Reliability, one of the core disciplines in technical statistics, begins with the definition of product goals, evaluates the reliability evidence, and extends to forecasting lifetime.
Accordingly, there is a powerful methodological canon for these topics for use in the overall product life cycle. However, caution is advised when using these methods, simply because the result of a statistical transformation is “only” a function of the input. Scope, quality, and reliability of the available data is therefore critical for the quality of the results. Knowledge of the world outside of the data is missing in classical statistical procedures. This is why the results often do not fit so well with reality. But there are solutions for this too.
In the following, we will show statistical applications for the analysis of the past, present, and future (part 2). We will clear the path of methodological stumbling blocks or at least install warning signs to prevent belly flops.
About using statistics to understand the past and the present
Statistics is a data science. Data are unpleasant. They permanently cost money, they are expensive to keep, and without processing they are worthless. This is why statistics processes data; to distil information from them. This is exactly what we need as a basis for decisions.
In the field of reliability, we use statistical methods to create a quantitative picture of the present, i.e., the current state of reliability. This involves analysing databases containing failures in the field. Ideally, this data can be connected with other sources, e.g., maintenance documentation or spare parts management (CMMS).
Analyses of downtime event over time deliver valuable input for the identification of quality or lifetime problems. These problem types can be differentiated over the course of the downtime event against operational time or performance. Reliability problems increase over time, the opposite is the case for quality problems. This difference should prevent quality topics being treated with reliability methods and vice versa. This clarification is important because this difference is ignored in the problem resolving process. Statistics must therefore put the team on the right track so that they are not side-tracked during problem resolution.

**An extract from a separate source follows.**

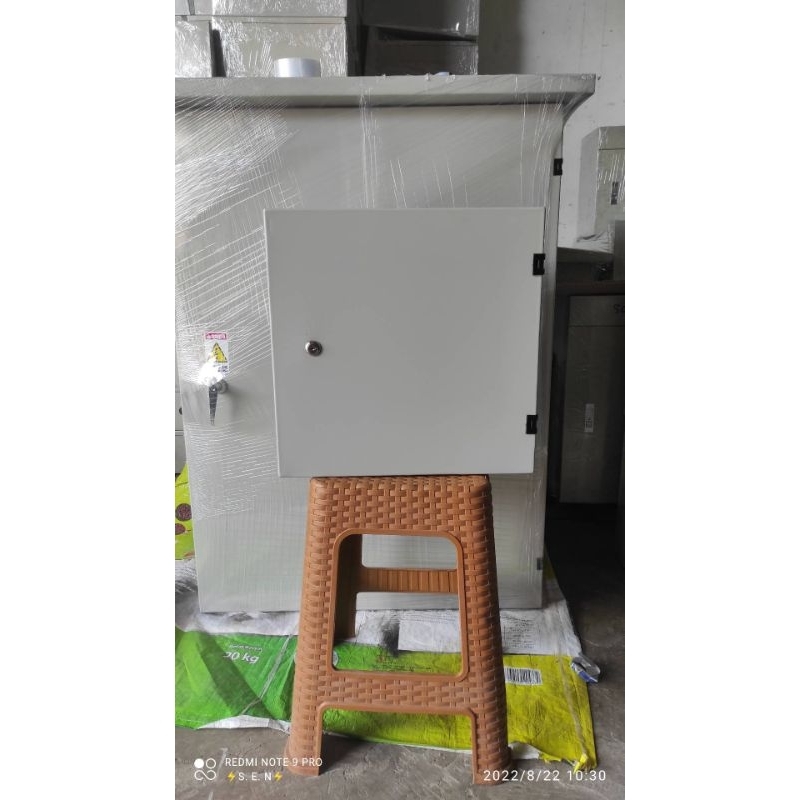 Jual box panel indoor custom 40x40x20 40 x 40 x 20 1.2mm | Shopee Indonesia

If we want to learn from the past, then we expect “uncensored” data that represent the entire product lifetime. This case does exist but can almost only be found in textbooks. Field data is normally censored because customers tend to not service their products in contractual workshops when the warranty has expired, or the maintenance activities are not documented in detail, or the documentation is not suitable for reliability purposes. There are many causes. Still, this data represents the empirical basis of the downtime event, with which relevant aspects of reliability are often evaluable better than expected.
First of all, it becomes evident which components suffered from failure or problems. They are not always the ones that are exchanged. Cheaper, quickly replaceable components do not attract attention even with high failure rates. Organisation carry quality problems as ballast in their maintenance programs for many years without noticing them. Statistics bring this to light with little effort, decides whether it is a quality or a reliability topic, and generates appropriate suggestions. These recommendations do not always correspond to conventional patterns of action. For example, the preventative exchange of (non-defective!) parts towards the end of their lives is not a simple task for all maintenance teams.
Lifetime analyses also show a series of other influences. Seasonal fluctuations in failure rates provide clues towards temperature effects or corrosion. Locations, operating styles, climate effects can all be measured.
Statistics uncovers the effect on maintenance on the failure rate, the relationship of maintenance to repair, any driver influence; in short everything.
Field data are analysed with statistical procedures for product development and the validation of reliability. This results in a use space that tells us in what respect and how strongly the use styles of a product vary. This also results in information describing which customer types or operating styles are critical for which failure risks.
This analysis also provides an answer as to whether the plethora of use styles can be grouped according to the load profiles. This would enable test variants to be selected that deliver information representative for the entire cluster.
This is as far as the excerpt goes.